* _Exercise requirements_: Quote, word for word, the line containing "Street view near" and all lines that follow it to the end of the records, with no pictures.

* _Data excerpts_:

☆ ☆ ☆ ☆ ☆ ☆ ☆

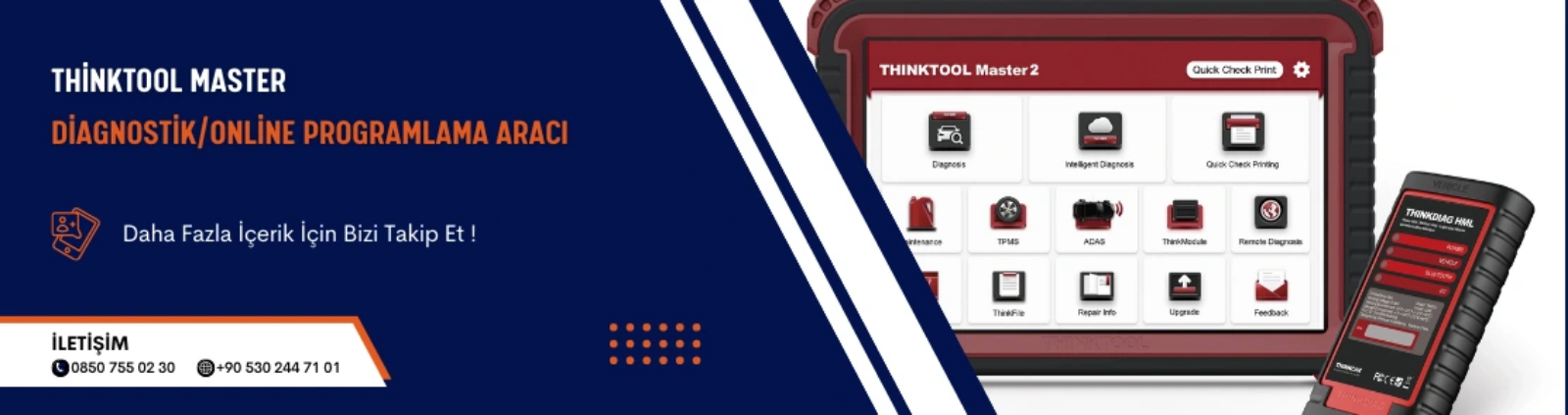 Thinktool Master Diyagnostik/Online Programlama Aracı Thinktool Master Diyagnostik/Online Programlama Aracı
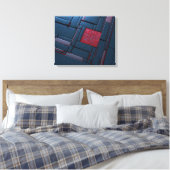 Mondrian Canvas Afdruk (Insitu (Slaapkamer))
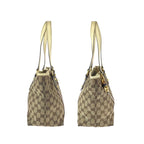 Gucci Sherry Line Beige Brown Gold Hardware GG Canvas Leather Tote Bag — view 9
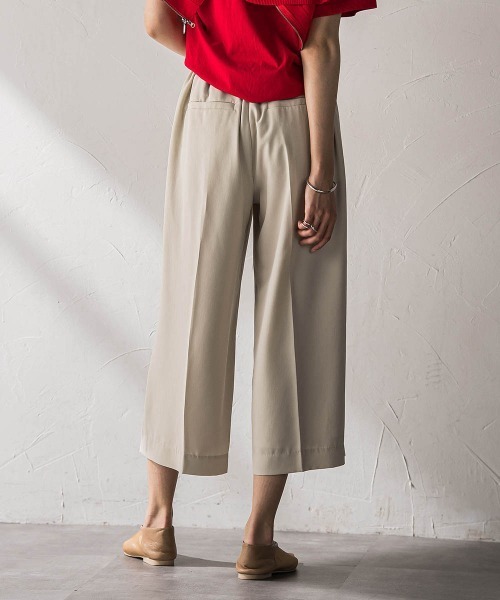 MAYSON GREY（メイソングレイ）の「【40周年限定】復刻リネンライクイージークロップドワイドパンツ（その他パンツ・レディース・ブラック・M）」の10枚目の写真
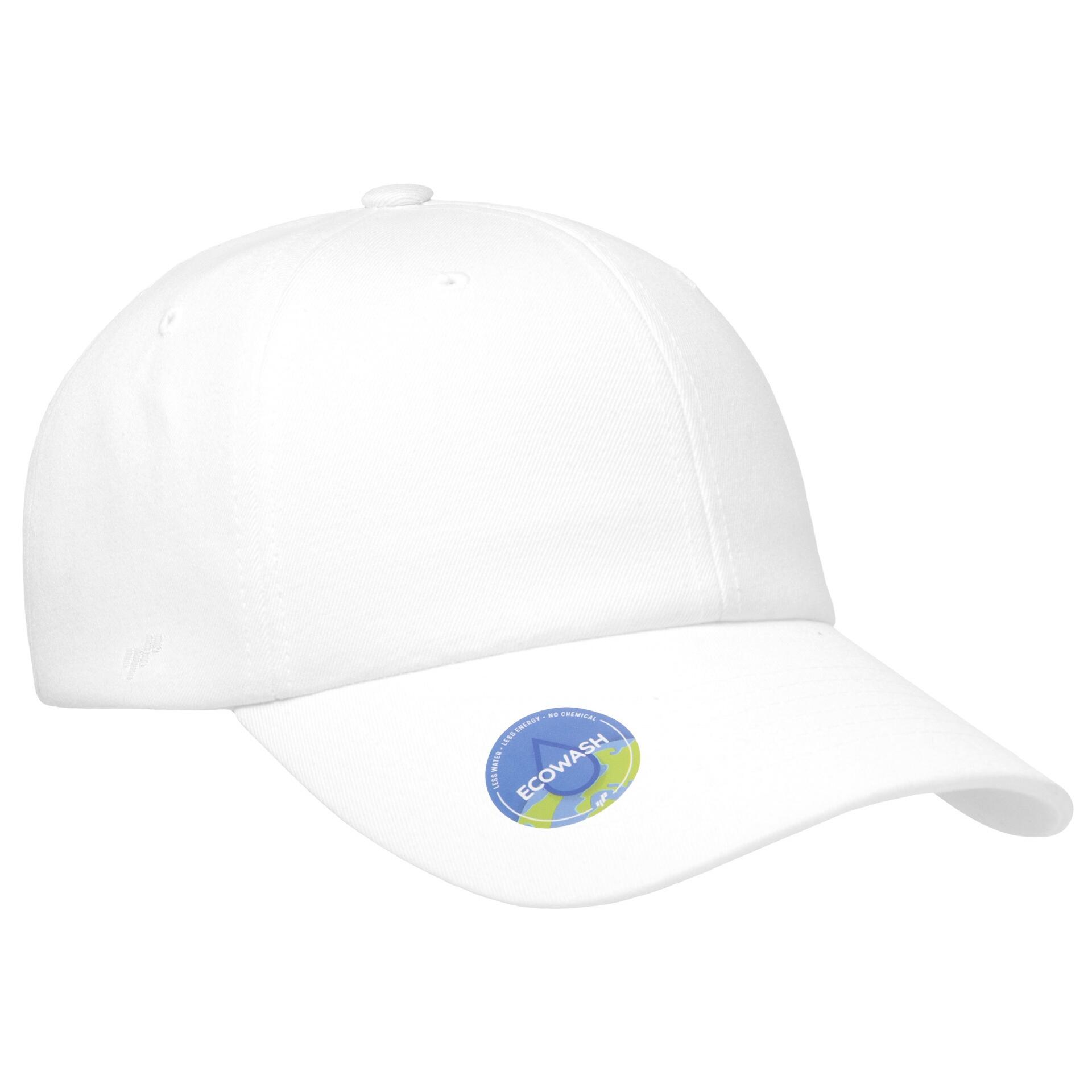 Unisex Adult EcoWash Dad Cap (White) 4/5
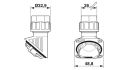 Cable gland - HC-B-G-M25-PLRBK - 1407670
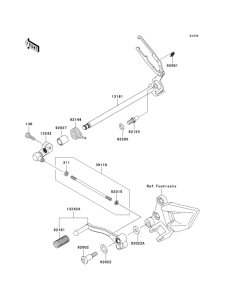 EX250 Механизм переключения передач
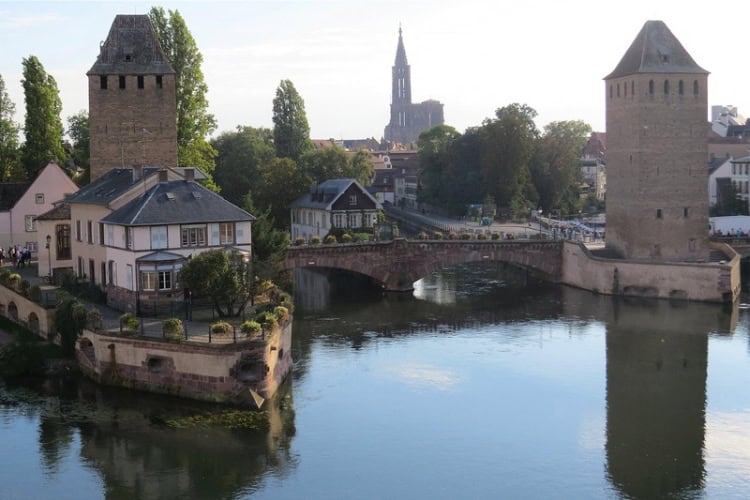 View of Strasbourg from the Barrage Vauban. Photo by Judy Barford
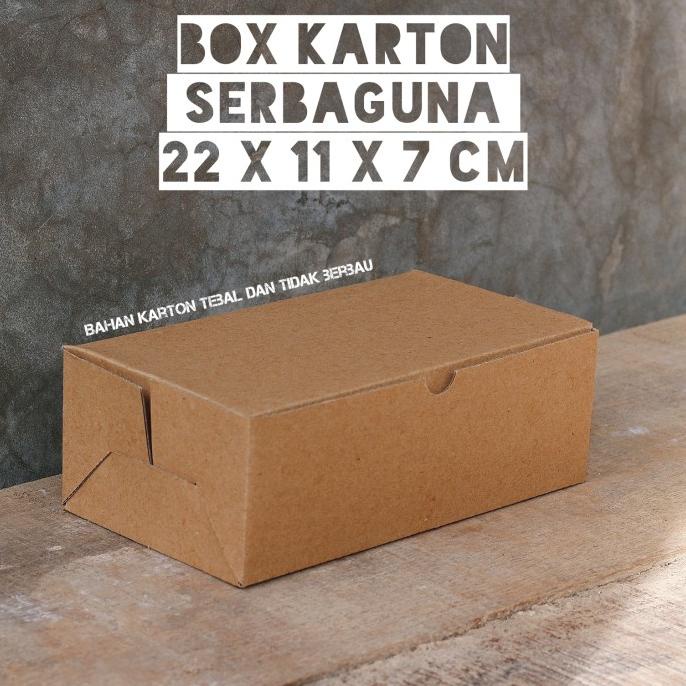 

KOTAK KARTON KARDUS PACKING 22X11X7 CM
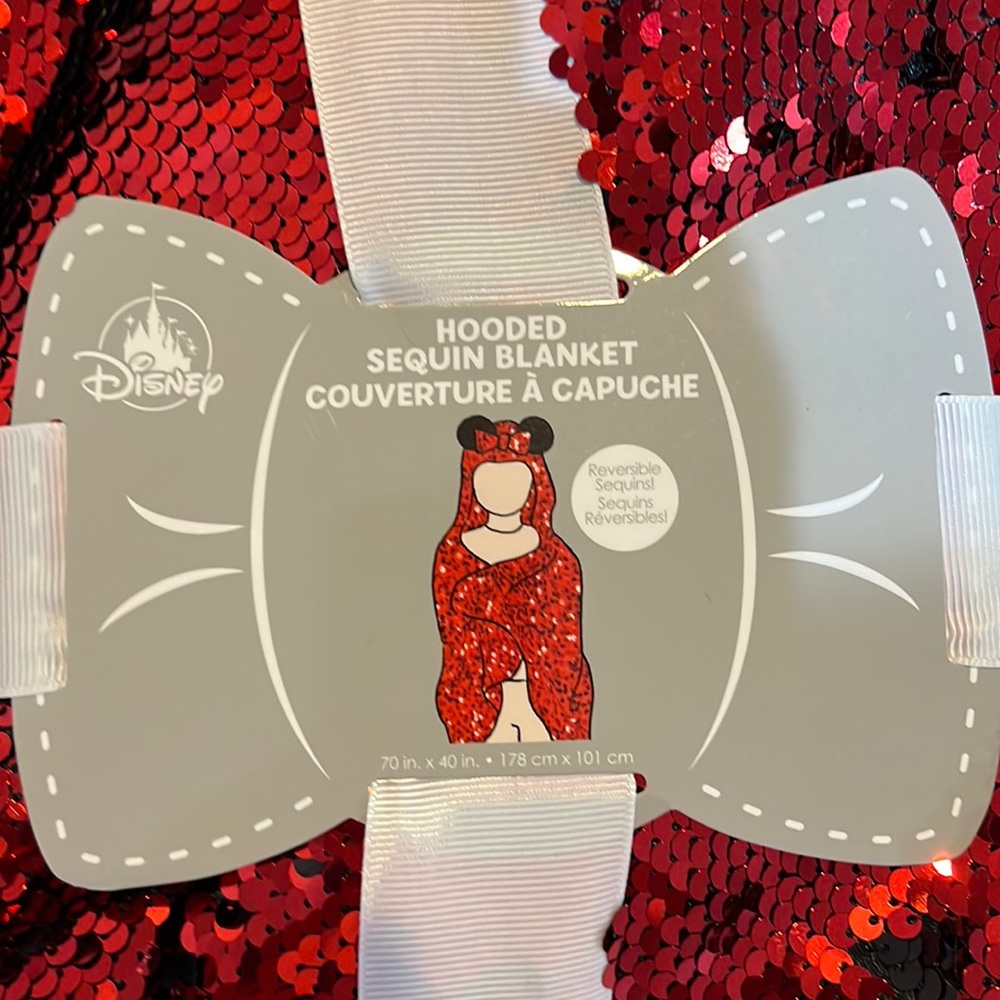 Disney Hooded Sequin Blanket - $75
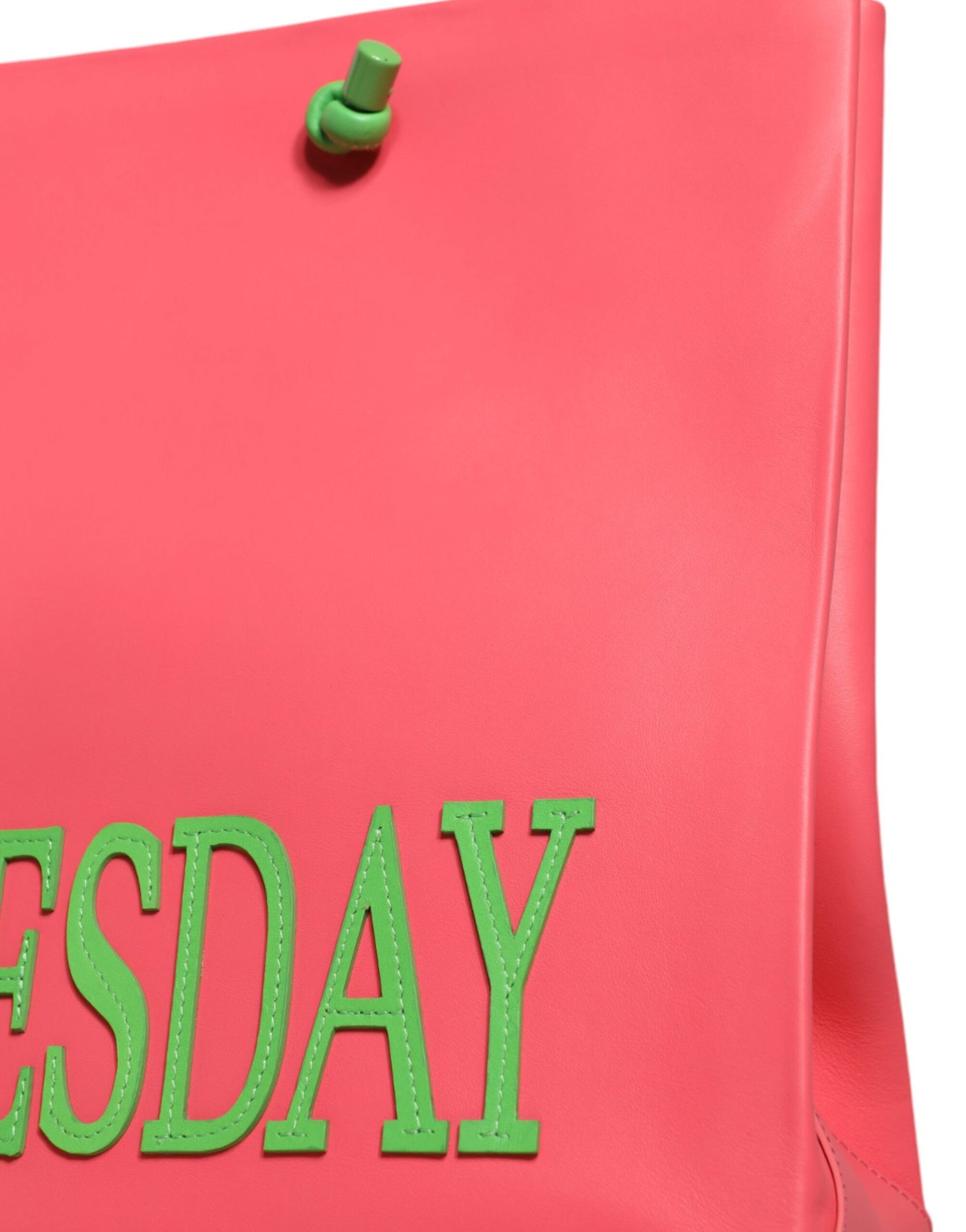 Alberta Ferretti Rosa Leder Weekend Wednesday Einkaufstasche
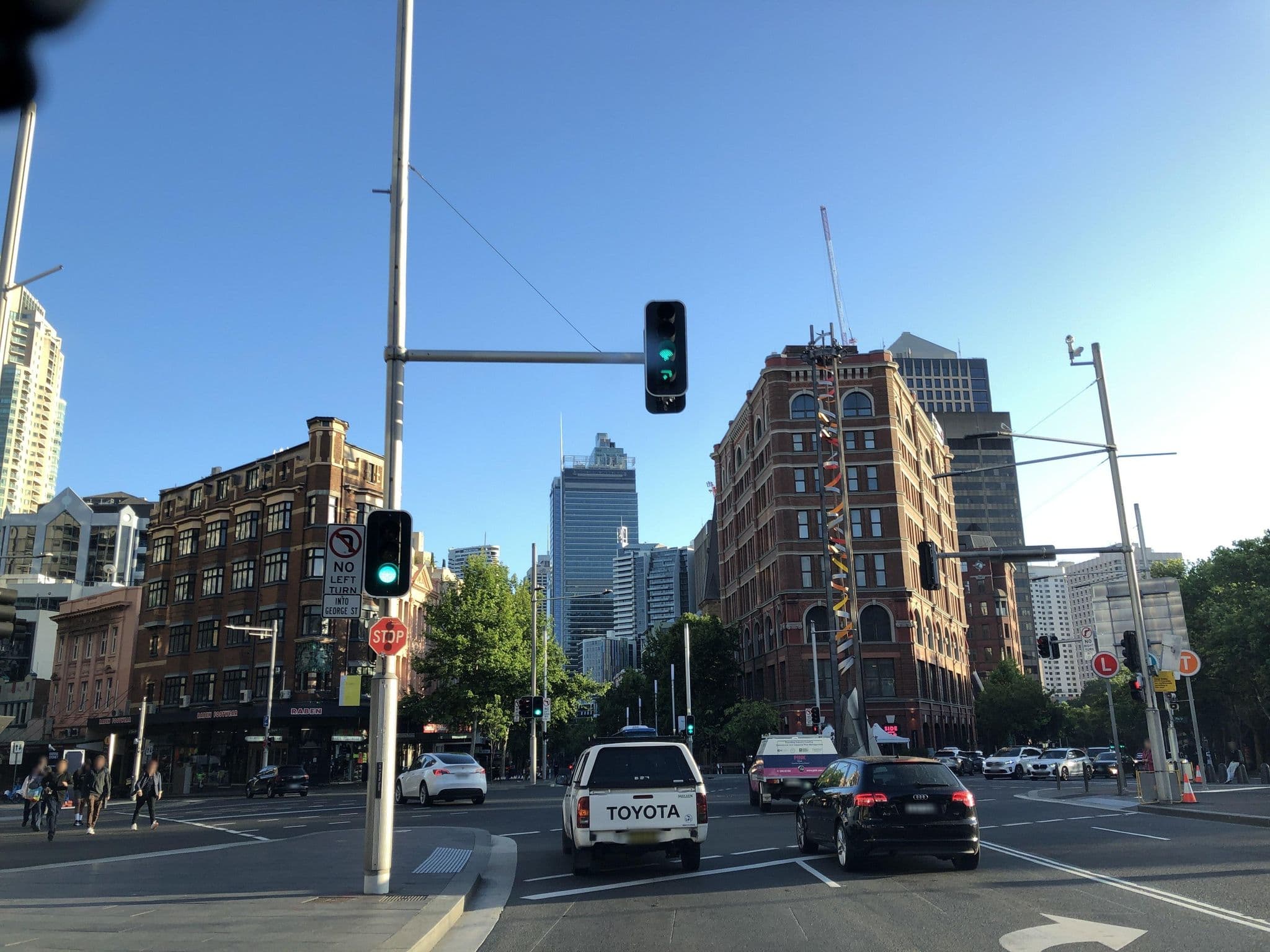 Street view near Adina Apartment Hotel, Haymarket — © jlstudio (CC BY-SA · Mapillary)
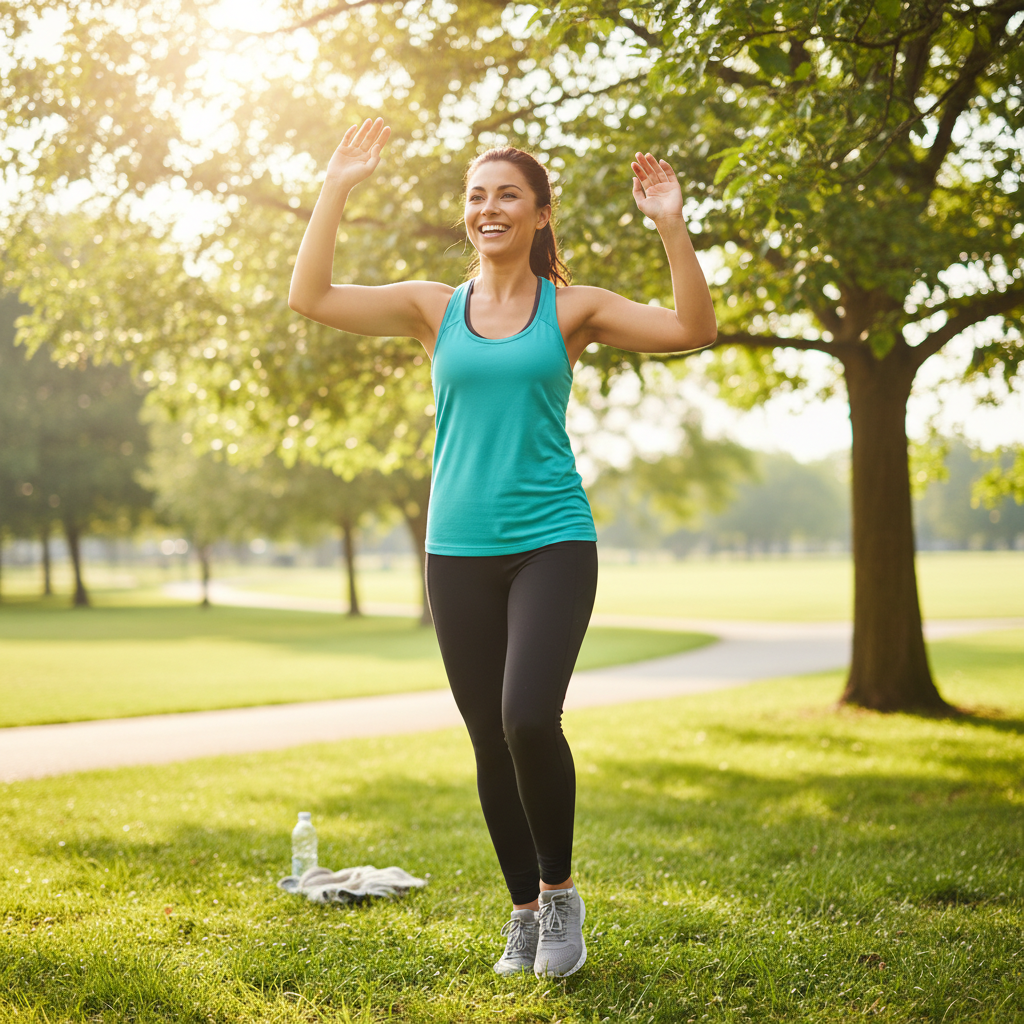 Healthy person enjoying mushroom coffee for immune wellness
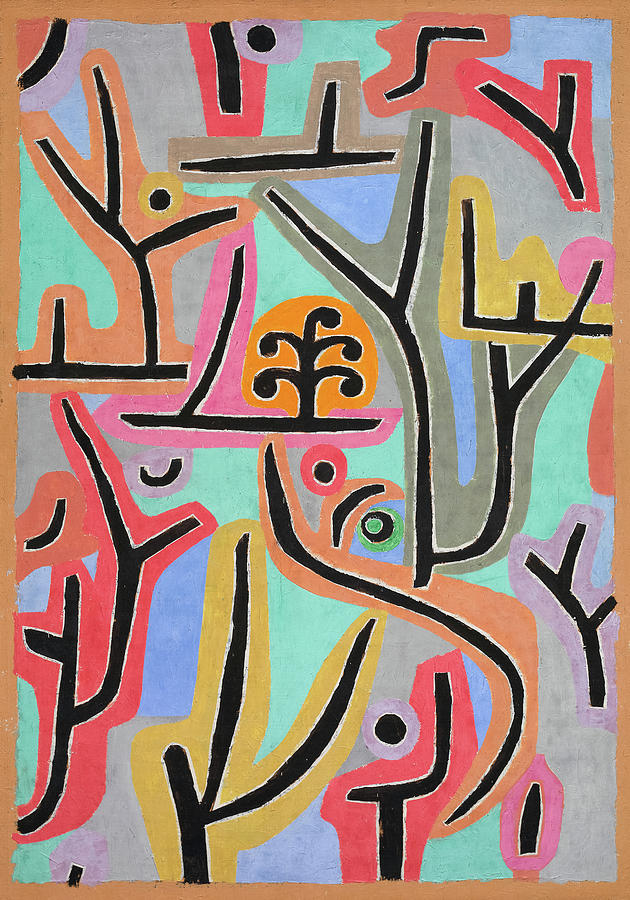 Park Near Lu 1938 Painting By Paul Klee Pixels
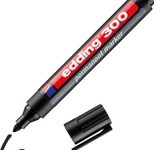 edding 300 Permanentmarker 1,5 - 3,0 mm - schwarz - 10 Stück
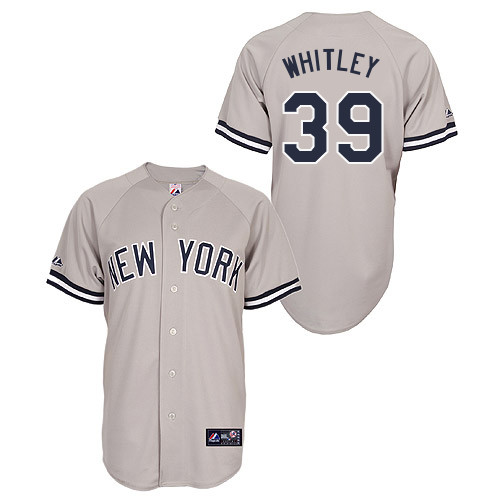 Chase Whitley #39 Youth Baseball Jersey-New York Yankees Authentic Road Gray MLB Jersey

☆ ☆ ☆ ☆ ☆ ☆ ☆

* _Task solution_:
 Street view near Adina Apartment Hotel, Haymarket — © jlstudio (CC BY-SA · Mapillary)
 Healthy person enjoying mushroom coffee for immune wellness
 Park Near Lu 1938 Painting By Paul Klee Pixels
 edding 300 Permanentmarker 1,5 - 3,0 mm - schwarz - 10 Stück
 Chase Whitley #39 Youth Baseball Jersey-New York Yankees Authentic Road Gray MLB Jersey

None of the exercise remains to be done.